Once an engagement starts, we form working product teams consisting of PMs, designers, and engineers. Each member of the team has a local manager for delivery oversight and a disciplined lead responsible for career development, coaching, and evolution of their respective disciplines.

Team structure

Below is an illustration of the organizational structure and team structure:

012 product team structure

We structure these independent working teams for the following reasons:

  • The more self-managing we are, the flatter the organization is. The team has ownership over the engagement and is an independent, self-managing unit.
  • The structure is laterally scalable—the more clients we serve, the more of these mini-Devbridge organizations we can establish without unnecessary hierarchies. The more we grow, the more opportunities open up in the company for people to take on more responsibility. Win-win!
  • The structure enables us to establish client-serving offices across multiple geographies. Each new office is established by an MD with clear outcomes, team structure, and a process to follow.

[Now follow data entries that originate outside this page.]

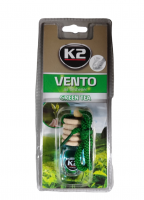 K2 VENTO освежитель воздуха запах в бутылке green tea (зеленый чай), 8мл.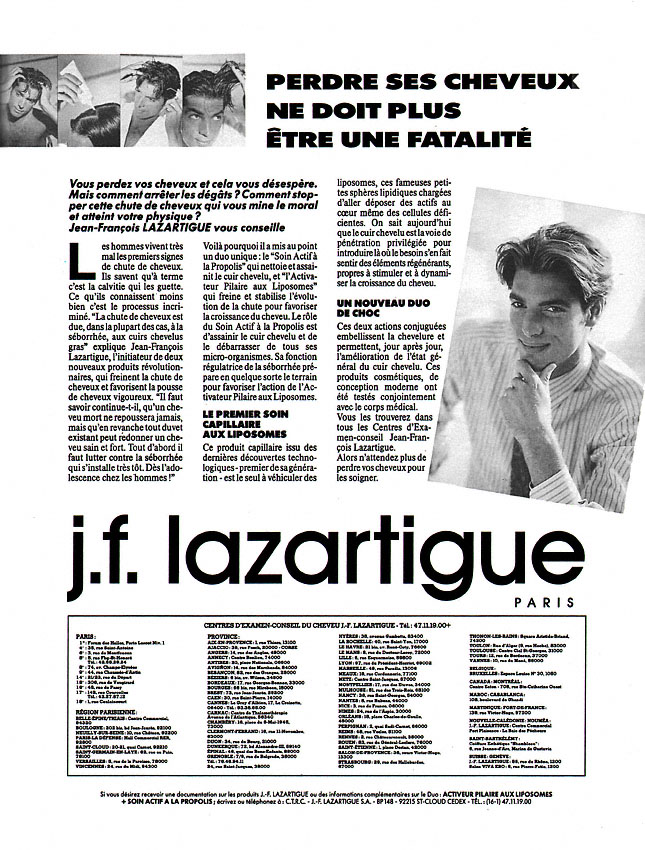 Publicité Zzdivers_SOI5 1991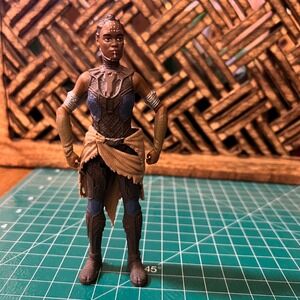 Loose Marvel Legends‎ Series Okoye (Action Figure Only)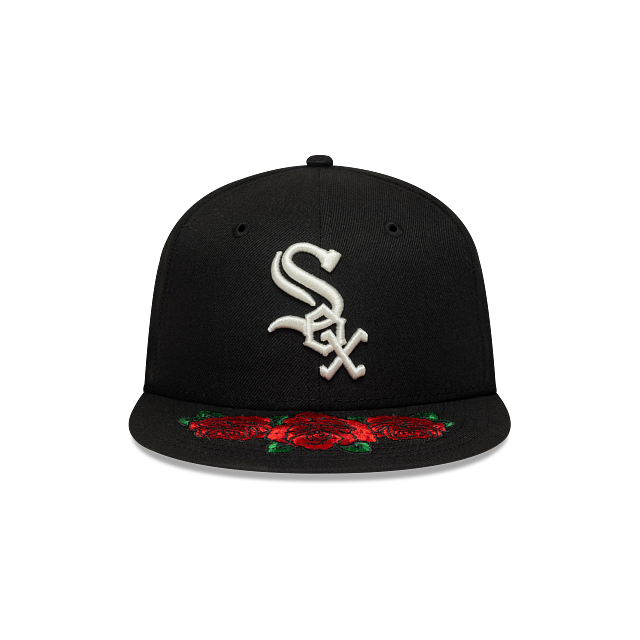 Chicago White Sox MLB Cooperstown Floral 59FIFTY Cerrada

We have branched out into Chicago, Toronto, and London.

Example of agile, cross-functional team structure
Example of agile, cross-functional team structure

Our cross-functional product teams are self-governing entities where each individual contributes and takes ownership of the product’s success. Members of the team are partners in the venture and tackle their individual workloads. Members seek out how they can maximize their impact on the product and lift the team to the next level of productivity. Team members who lack competence or fail to adopt these values are detected by the team instead of by a detached manager.

At times, the team will take advantage of the expertise from support roles. For example, DevOps is typically a support role because there simply isn’t enough work for a DevOps engineer to be dedicated to a single team throughout the whole project (although there are exceptions). Directors of disciplines such as product design, product management, testing, and engineering are also pulled in for ad hoc, highly complex challenges.

The total product team size varies from six to twelve—more than that and effectiveness and communication quality start to deteriorate. If the team becomes too large, they ideally split into two, retaining the domain knowledge while expanding the small teams with new members.

The member count from each practice group varies based on the team and its responsibility within the overall product roadmap. Ideally, there will be some overlap and shared understanding—a designer with the knowledge of a front-end skillset, an engineer who is fluent with front-end and server-side technologies. Finally, all team members are 100 percent allocated to a single product.

Every SOW should reflect permanent, 100 percent allocated FTEs.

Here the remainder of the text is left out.